I have to prove that
$$\frac{a+b}{2} \ge \sqrt{ab} \quad \text{for} \quad 0 \lt a \le b$$
The main issue I am having is determining when the proof is complete (mind you, this is my first time). So I did the following steps:
$$\begin{align}
\frac{a+b}{2} &\ge \sqrt{ab} \\
\left(\frac{a+b}{2}\right)^2 &\ge \left(\sqrt{ab}\right)^2 \\
\frac{a^2+2ab+b^2}{4} &\ge ab \\
a^2+2ab+b^2 &\ge 4ab \\
a^2-2ab+b^2 &\ge 0\\
(a-b)^2 &\ge 0 \\
\end{align}$$
Now this is where I stopped because if I square root each side, I will be left with $a-b \ge 0$ or in other words, $a \ge b$ which doesn't make a whole lot of sense to me.
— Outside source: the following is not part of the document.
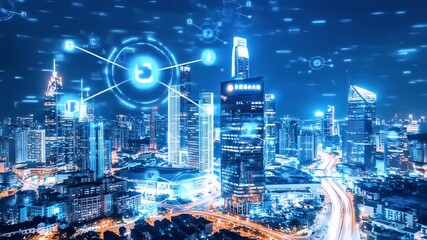 futuristic cityscape at twilight with glowing digital network connecting skyscrapers and roadways creating a vibrant urban landscape - Powered by Adobe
So ultimately the question is: how do I know when I'm done? and is what I did above correct?
Thanks!
Best Answer
You're working backward, but all of your steps are actually equivalent, so that's okay. When you take the square root, though, you get $|a-b|\ge 0.$ This is true, so you're fine.
I would start with a true statement like $|a-b|\ge 0,$ and proceed through these steps in reverse, to prove the desired inequality. Or, more simply, note that $(a-b)^2\ge 0$ for all real $a,b$, so we can get there even more quickly starting from that point.